> **What this task involves**: Pictures excluded, please transcribe exactly the lines from the one with "Green Solid Active T-Shirt" through the end of the records below, and nothing more.

---- Source data

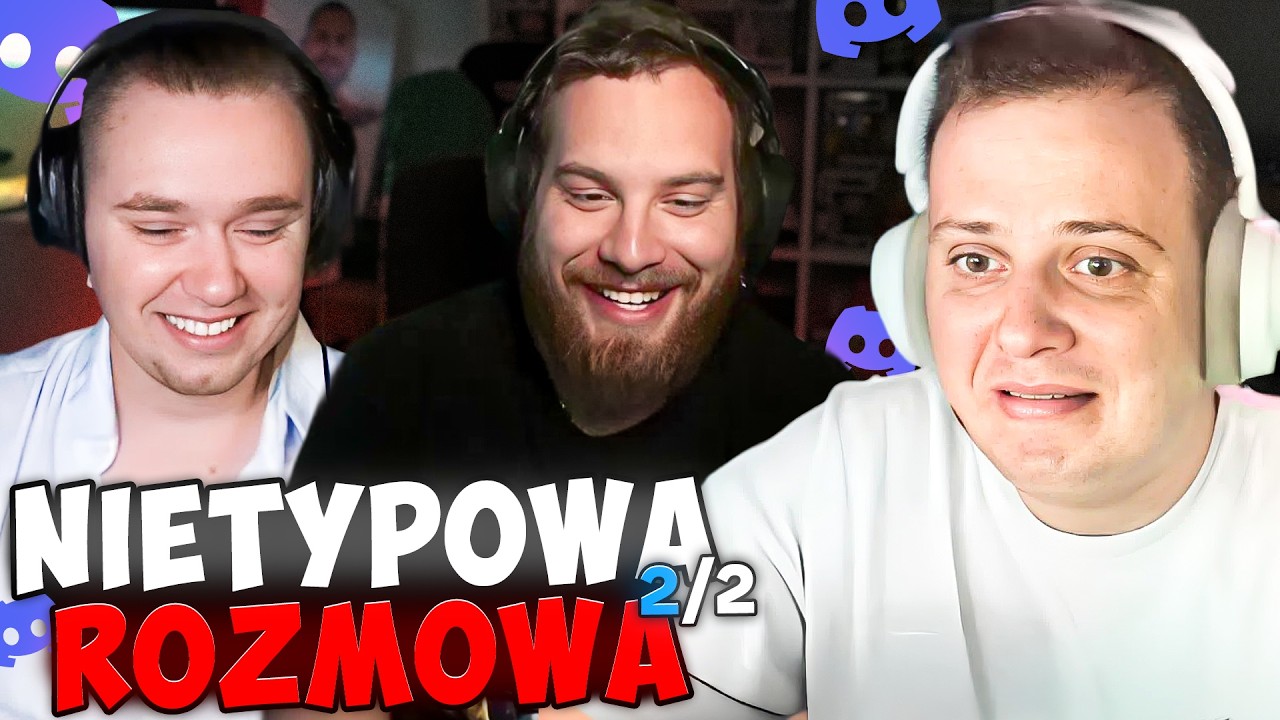 NITRO NIETYPOWA ROZMOWA Z ft. Japczan, Ali5cali, Dejvid tibijski zadymiarz, Cygus [2/2]
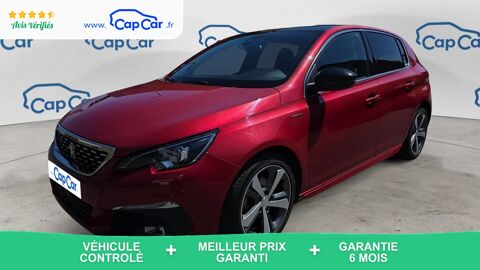 Peugeot 308 1.6 BlueHdi 120 EAT6 GT-Line 2018 occasion Lille 59000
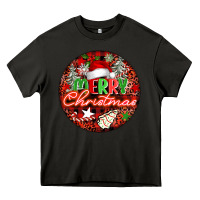 Asphalt Merry christmas Heavy Core Tee - FaDigitalArtStudio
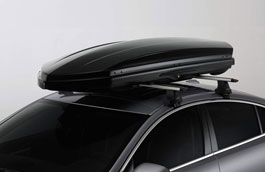 Sports Roof Box Gloss Black NEW C2C41627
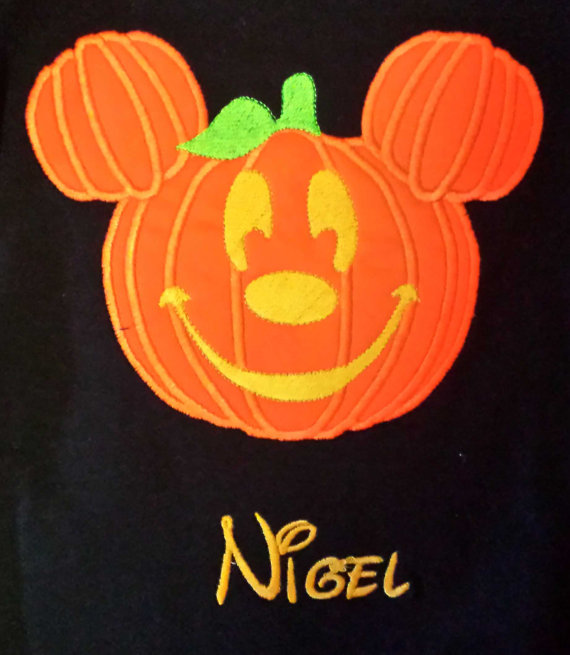 Mickey Mouse Pumpkin Shirt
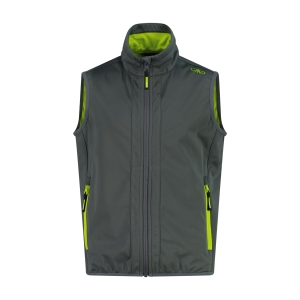 Bezrękawnik Chłopięcy Softshell 31A5044/U862 – Szary | Outdoor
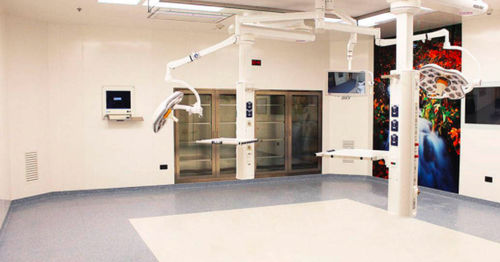 Sala blanca modular - Grupsa - integrado / de acero inoxidable / de flujo laminar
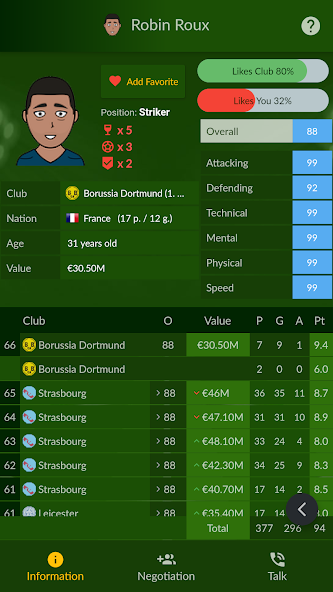 Soccer Agent - screenshot 19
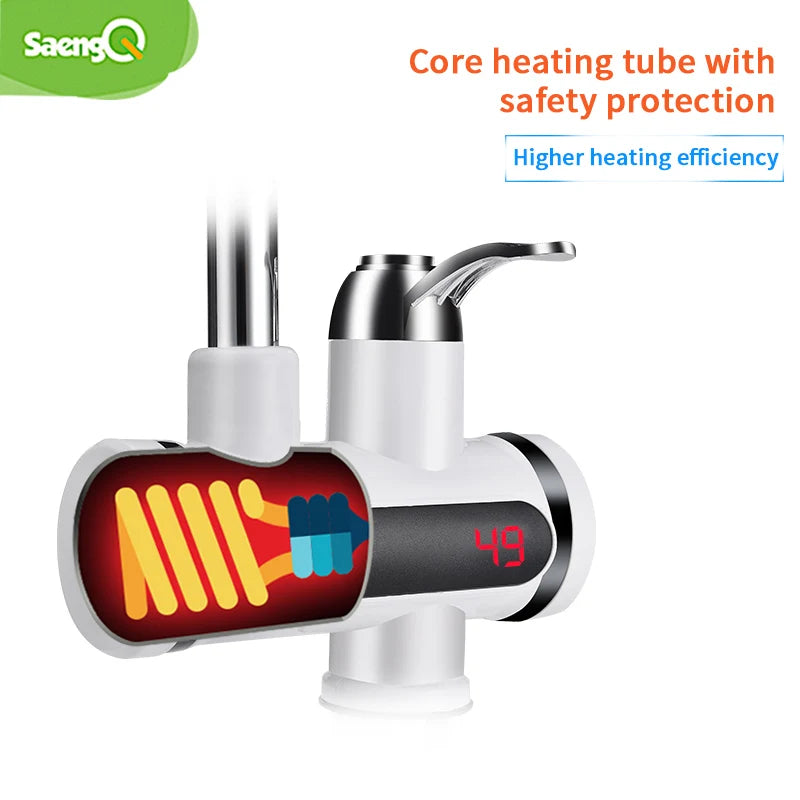 Electric Water Heater 220V Faucet
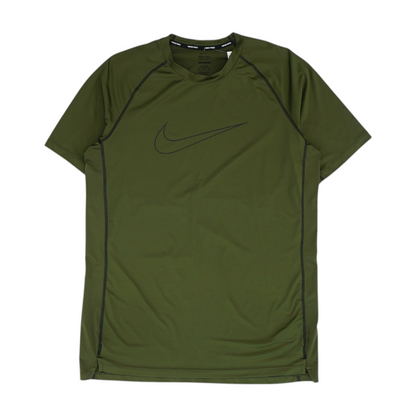 Green Solid Active T-Shirt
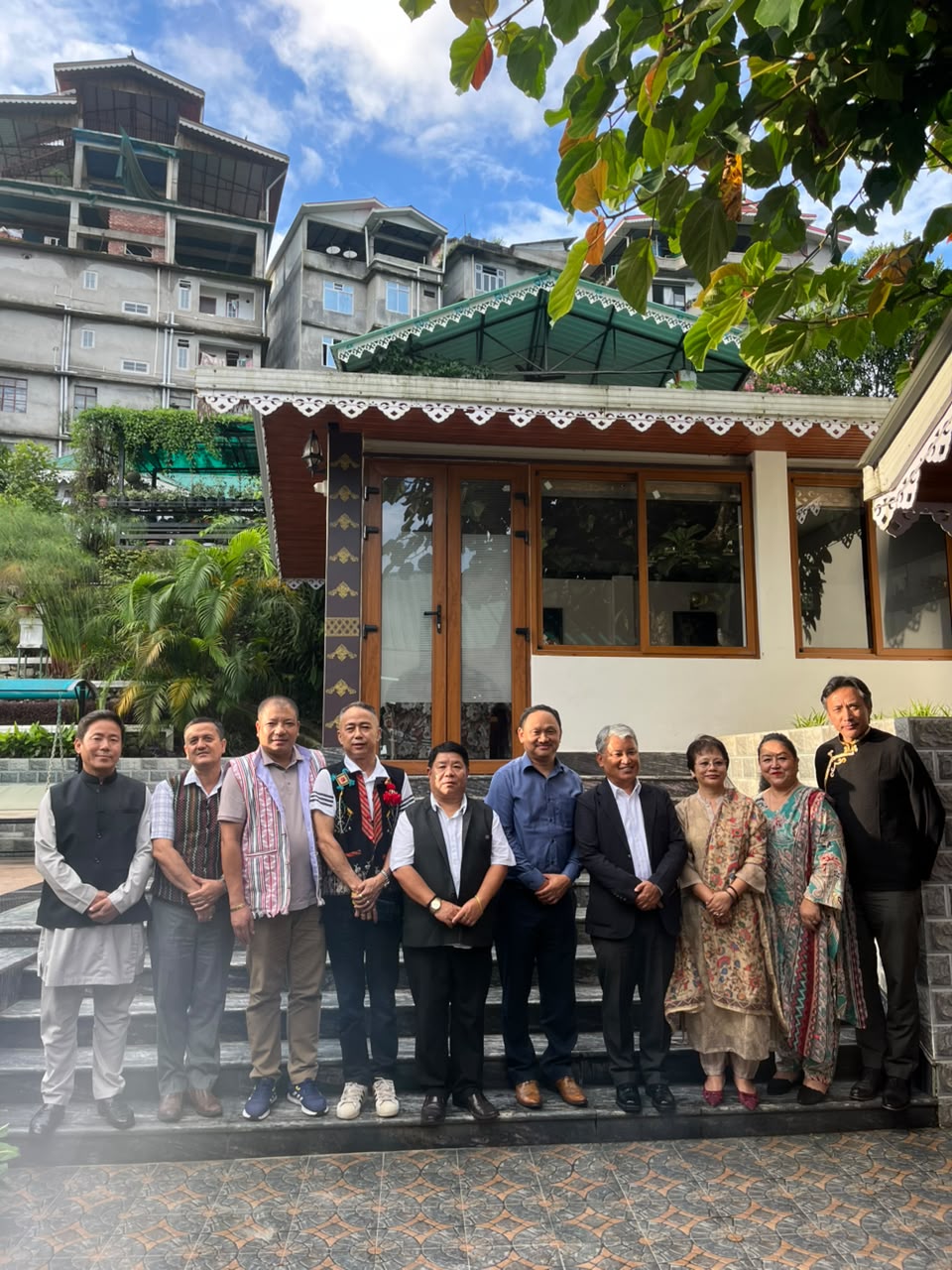 SCS coordination Meeting at Pakyong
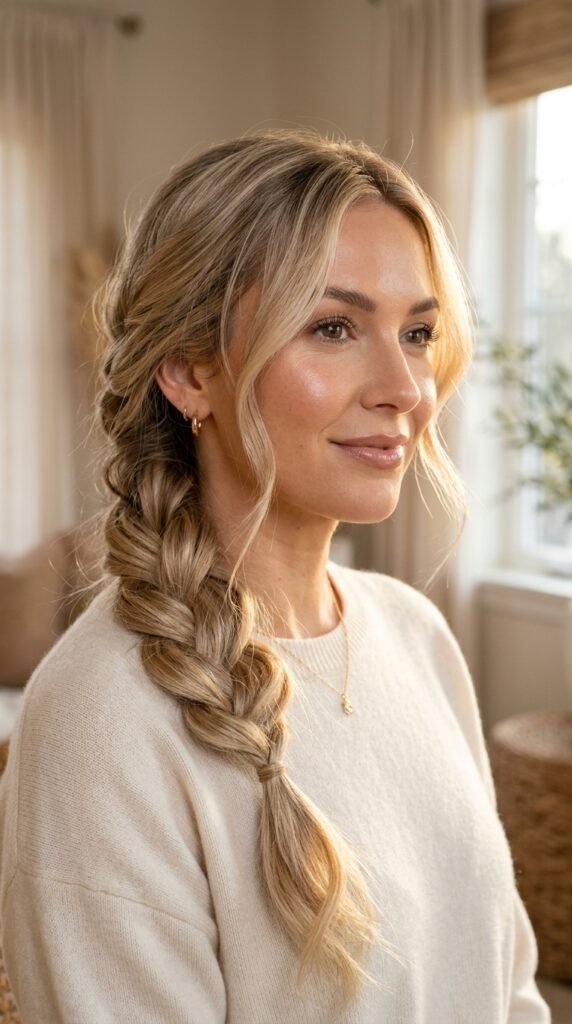 Champagne_blonde_braided_hairstyle Champagne_blonde_braided_hairstyle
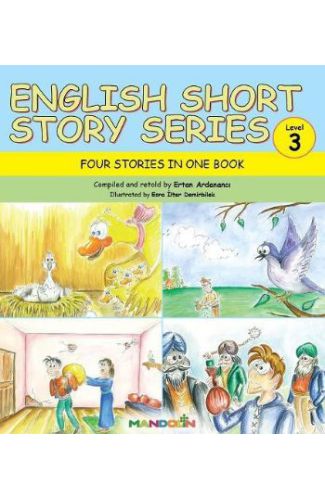 English Short Stories Series Level-3  Four Stories In One Book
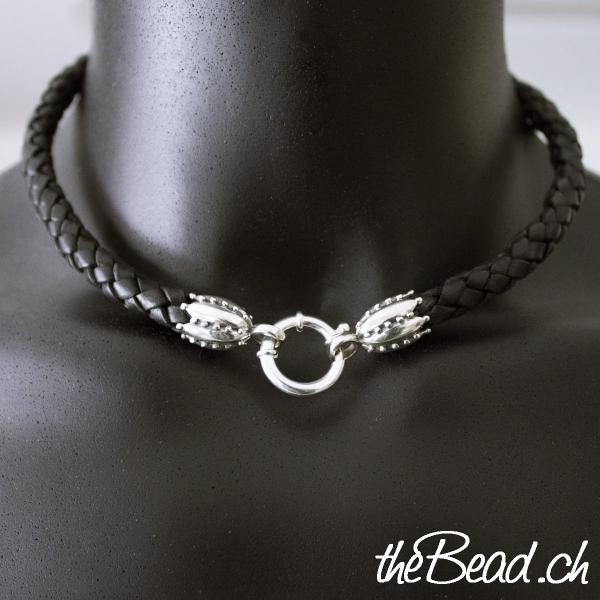 Silberverschluss aus 925 Silber bei thebead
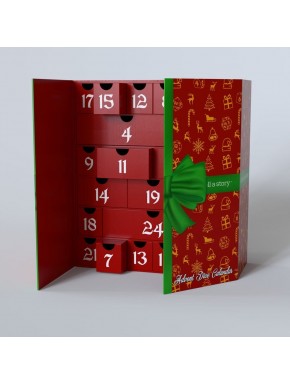 Calendário de advento de dados edição limitada exclusivo
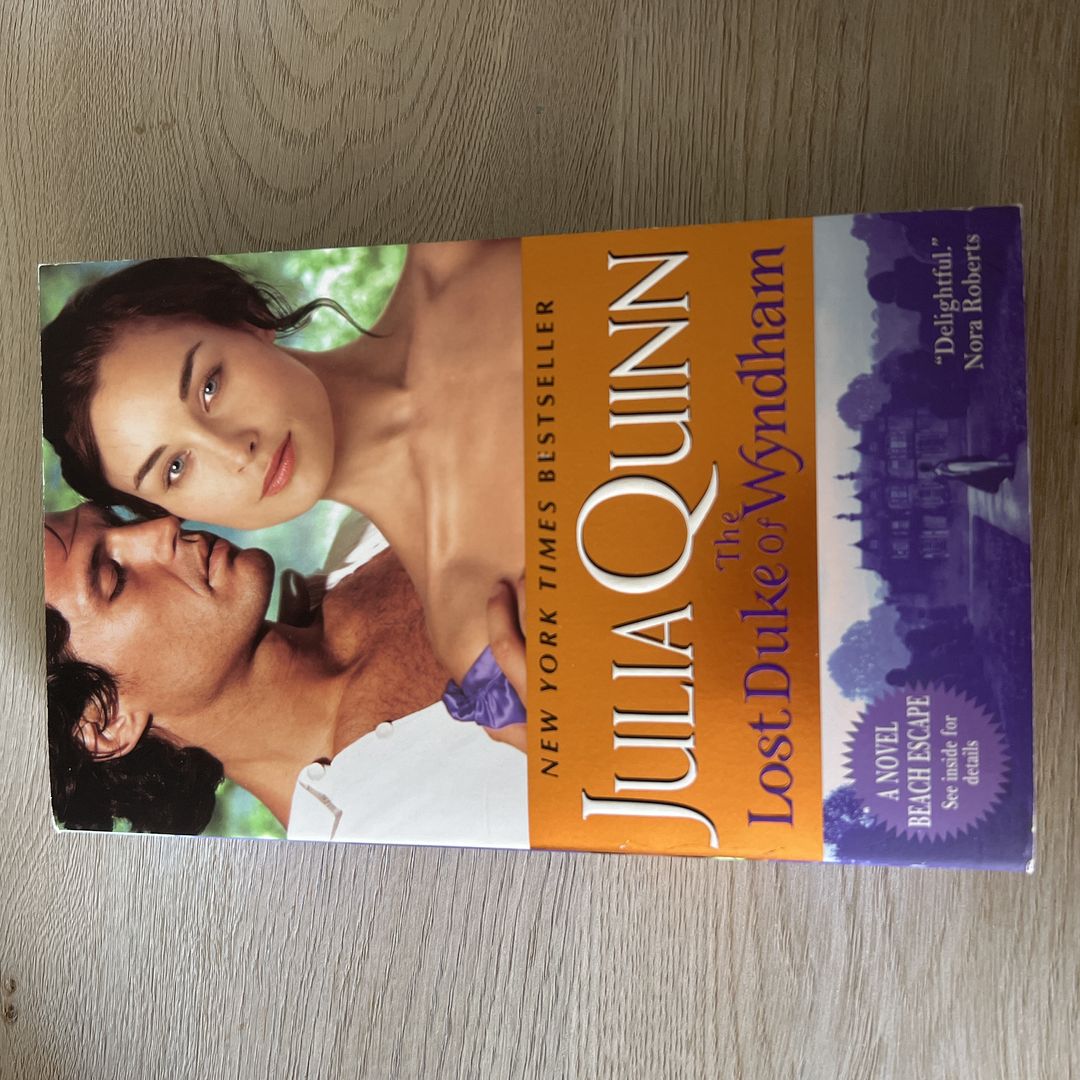 The Lost Duke of Wyndham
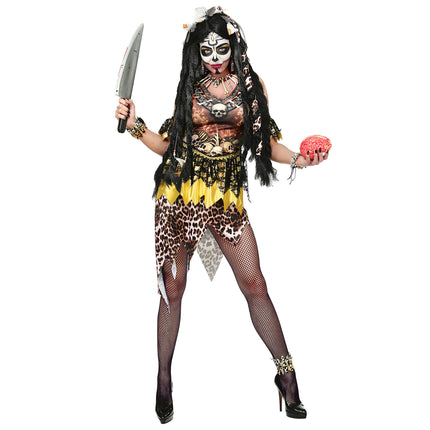 Costume Halloween Donna Voodoo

--------

> **Solved problem**:
 Green Solid Active T-Shirt
 SCS coordination Meeting at Pakyong
 Champagne_blonde_braided_hairstyle Champagne_blonde_braided_hairstyle
 English Short Stories Series Level-3  Four Stories In One Book
 Silberverschluss aus 925 Silber bei thebead
 Calendário de advento de dados edição limitada exclusivo
 The Lost Duke of Wyndham
 Costume Halloween Donna Voodoo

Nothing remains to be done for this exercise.